Es ist wieder Norovirus-Saison und die Schlagzeilen über Kreuzfahrtschiffe mit infizierten Passagieren und Crew bleiben nicht aus. In den vergangenen Tagen und Wochen beispielsweise betroffen: Explorer of the Seas und Norwegian Star.

Doch die Schlagzeilen erwecken leicht den Eindruck, dass Noro und ähnliche Magen-Darm-Viruserkrankungen ein Kreuzfahrtschiff-Problem sind. Doch tatsächlich gehören sie zu den meistverbreiteten Krankheiten überhaupt und treten auf Schiffen sogar vergleichsweise selten auf.
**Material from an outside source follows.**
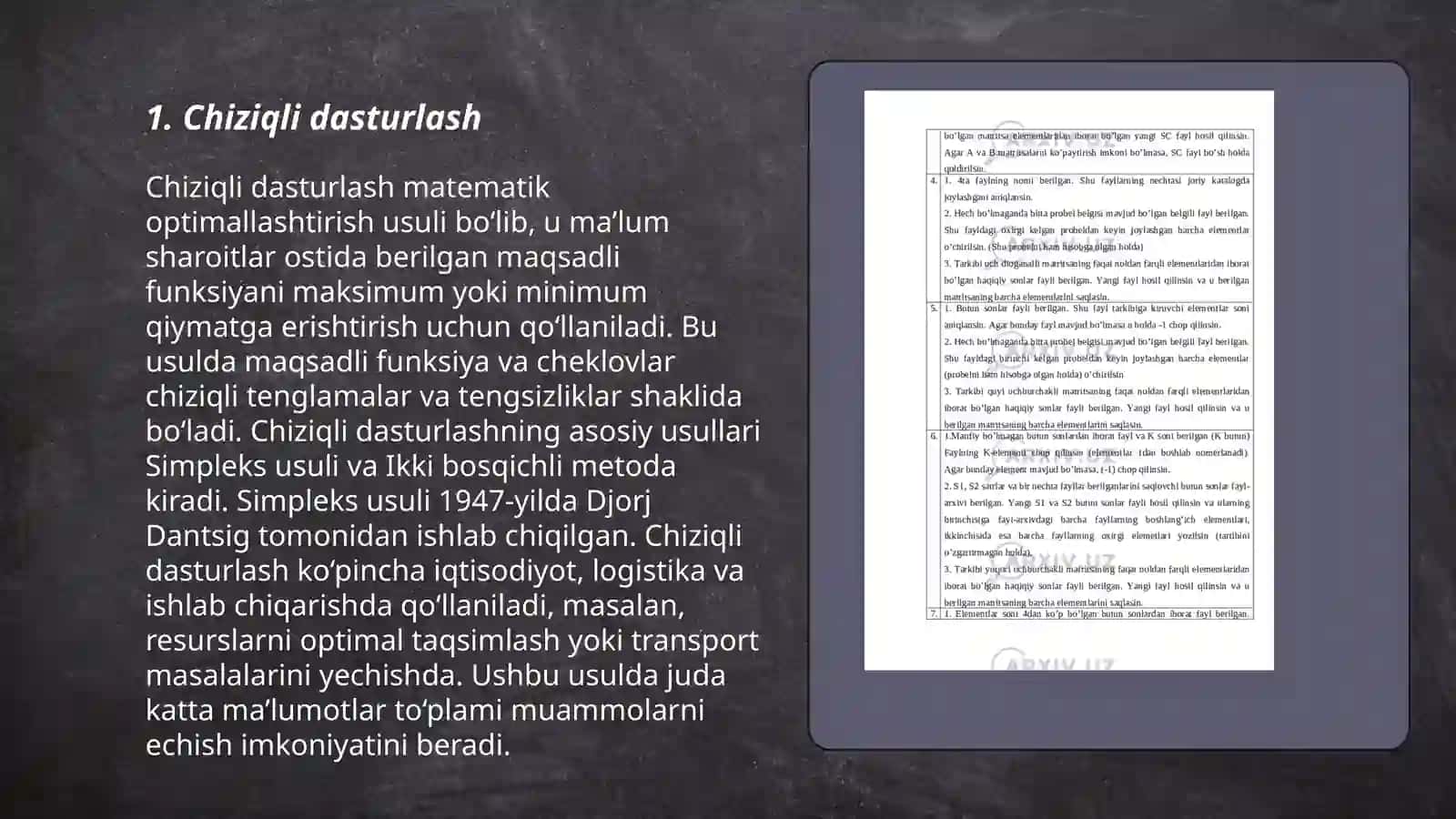 Optimallashtirish masalalari 3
Der erfahrene britische Kreuzfahrt-Experte Tim Moore hat sich in einem nachdenklichen und sehr interessanten Blog-Beitrag mit dem Thema Noro beschäftigt, den wir Tims freundlichen Genehmigung hier in deutscher Übersetzung veröffentlichen dürfen.

Tim Moore
Tim Moore (Bild: privat)

Tim Moore  war 14 Jahre lang Manager für Landausflüge bei einer britischen Kreuzfahrtgesellschaft. Davor war er, vorwiegend in Managementpositionen, im allgemeinen Reisebereich, für Firmenreisen, Qualitätsmanagement, in der Luftfahrt und als Logistiker für das US-Militär tätig. Heute ist Tim Moore als Berater in der Tourismusindustrie (DMC World Representatives).
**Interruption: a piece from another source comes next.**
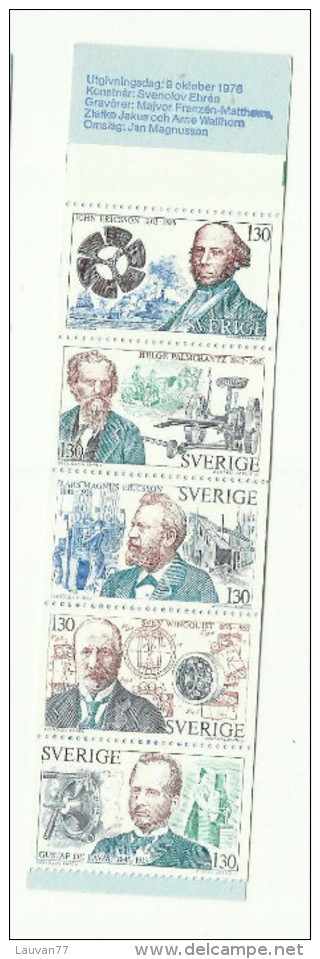 Suède Carnet N°C939 Côte 5 Euros - 1951-80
“Kreuzfahrtschiff von Krankheit heimgesucht” – ein Beitrag von Tim Moore:

“Kreuzfahrtschiff von Krankheit heimgesucht” – Das gibt immer eine beeindruckende Schlagzeile, so wie alles Negative über Kreuzfahrtschiffe. Aber die Öffentlichkeit soll doch bitte die ganze Wahrheit erfahren, nicht nur die kleinen Bruchstücke, die eine Erwähnung auf der Titelseite einer Zeitung oder die Top-News im Fernsehen rechtfertigen.

Angehörige des Mediziner-Berufsstandes werden vielleicht alles abstreiten, was ich schreibe, aber eines steht fest: Norovirus ist die am häufigsten auftretende Magen-Darm-Erkrankung in Großbritannien und betrifft Menschen jeden Alters.

Jede eng zusammen lebende Gemeinschaft kann von diesen Viren heimgesucht werden. „Norovirus“ ist der geläufigste Name dafür, aber ich bin mir sicher, dass es noch andere medizinische Bezeichnungen für die Krankheit gibt, die Übelkeit, Erbrechen und heftigen Durchfall auslöst. Seniorenheime, Krankenhäuser, Pflegestationen – die Liste der Einrichtungen, die bis zu einem gewissen Grad davon betroffen sein können, lässt sich noch lange fortsetzen.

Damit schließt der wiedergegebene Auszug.